Perlahan-lahan Karin datang ke arahku seraya berkata, "Dasar bodoh! Memangnya siapa yang mau jadi pacarmu! Hahahaha!!" katanya dengan nada mengejek.


Seseorang tiba-tiba muncul dari balik bayangan, orang tersebut tidak lain tidak bukan adalah dia… Yoshua!


"Yo! Sepertinya kau menikmati ini ya, pecundang!" ejek Yoshua sambil melemparkan botol ke arahku.


"Sialan, boneka macam apa ini!" Karin mengambil boneka beruang yang kemarin ku berikan, kemudian merobeknya hingga hancur berleburan.


"Hahahaha!!" Semua orang yang di tempat itu mulai tertawa.


Pandanganku semakin memburam, rasanya seperti ingin pingsan. Tetapi kata-kata yang menggangguku itu datang lagi…


[GO AWAY NOW]


Setelah melihat hal tersebut, diriku lari kocar-kacir menjauhi tempat itu. Semua orang justru semakin tertawa terbahak-bahak.


Diriku berlari hingga sampai di rumah dan langsung menuju ke arah kamar. Merenung kesepian memikirkan hal tersebut. Sungguh kejadian yang tak akan pernah bisa ku lupakan.
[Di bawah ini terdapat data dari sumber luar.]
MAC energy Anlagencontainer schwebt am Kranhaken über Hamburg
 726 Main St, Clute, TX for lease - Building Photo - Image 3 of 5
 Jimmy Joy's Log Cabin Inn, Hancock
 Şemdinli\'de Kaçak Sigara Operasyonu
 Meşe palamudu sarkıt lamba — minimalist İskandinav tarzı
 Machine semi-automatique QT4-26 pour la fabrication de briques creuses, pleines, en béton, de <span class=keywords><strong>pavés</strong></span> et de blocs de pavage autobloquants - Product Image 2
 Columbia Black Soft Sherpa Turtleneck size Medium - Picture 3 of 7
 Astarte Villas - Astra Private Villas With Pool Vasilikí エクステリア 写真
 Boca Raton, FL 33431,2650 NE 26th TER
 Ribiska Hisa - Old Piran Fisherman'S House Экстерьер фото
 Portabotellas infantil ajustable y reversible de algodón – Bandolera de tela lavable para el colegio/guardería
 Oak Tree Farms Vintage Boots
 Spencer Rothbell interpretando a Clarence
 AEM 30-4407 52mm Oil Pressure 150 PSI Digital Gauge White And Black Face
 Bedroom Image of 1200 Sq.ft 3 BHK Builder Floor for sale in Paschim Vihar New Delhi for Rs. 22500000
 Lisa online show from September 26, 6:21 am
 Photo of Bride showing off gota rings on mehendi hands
Balas dendam… Balas dendam!!


Hanya itulah yang dapat kupikirkan…


Tetapi aku sudah tidak kuat dengan hidupku yang begitu menyedihkan ini.


Tepat pada pukul 21.00 malam…


Diriku ingin meloncat dari lantai atas…


Langkah demi langkah kulalui, tiba saatnya aku mengakhiri hidupku ini.


Sudahlah, aku sudah lelah!


Kuharap, semua orang mati saja!


Pada saat itu juga, diriku meloncat maju sambil mengatakan, "Selamat tinggal dunia!"


...[SYSTEM ERROR]...


...[MENGUNDUH DATA…]...


...[ERROR]...


...[MEMUAT DATA TERSEMBUNYI…]...


...[ACTIVE]...


...[WELCOME TO MYSTERIOUS SYSTEM]...


"Pembunuhan itu sangat indah bukan!?"